Rare Battle of Britain fighter plane to fly over Cosford this weekend
A rare fighter plane that would have played a key role in the Battle of Britain more than 80 years ago will fly over the region this weekend.
A Hawker Hurricane, one of 12 airworthy Hurricanes left in the world, is due to fly over the Royal Air Force museum at Cosford, weather permitting, this Saturday.
It is to coincide with the Cosford Food Festival, which returns this Saturday and Sunday, July 23 and 24.
The Hurricane is one of two maintained by the RAF Battle of Britain Memorial Flight, which keeps some of the planes that helped defend Britain from the Luftwaffe in the Battle of Britain airworthy today.
It is scheduled to fly over the air base at about 2.07pm on Saturday.
More than 100 artisan producers and street food vendors will be in attendance for the festival on Saturday and Sunday, while foodies can also learn a thing or two in cookery demonstrations, and enjoy a tipple or two on board the VC10 aircraft during rum and whisky masterclasses.
Chefs, nutritionists and bakers will be sharing tips. The line-up includes chef and owner of the award-winning Wild Shropshire restaurant James Sherwin, third-generation restaurateur and chef Kwoklyn Wan, head chef of La Dolce Vita in Shrewsbury Genaro Addagio and local chef Lee Maddox. Alongside them will be leading nutritionist Eva Humphrie, baker Kath Corfield and chef Cris Cohen from FEASTED.
The line-up on the music stage includes The Dirty Rockin Scoundrels and vintage vocal harmony trio The Bluebird Belles.
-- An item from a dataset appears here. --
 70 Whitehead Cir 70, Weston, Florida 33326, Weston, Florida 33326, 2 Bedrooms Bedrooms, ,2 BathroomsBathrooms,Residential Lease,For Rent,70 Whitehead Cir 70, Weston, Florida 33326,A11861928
New for 2022 is a second acoustic stage, where acts will include award-winning singer and guitarist Ben Foulds, musician and entertainer Joe James Thomas and acoustic musician Anthony Doyle.
The festival opens from 10am to 5pm both days, with tickets priced at £7 adults, £4 children (five-to-15, under-fives free) and £18 for a family. See rafmuseum.org/midlands for more.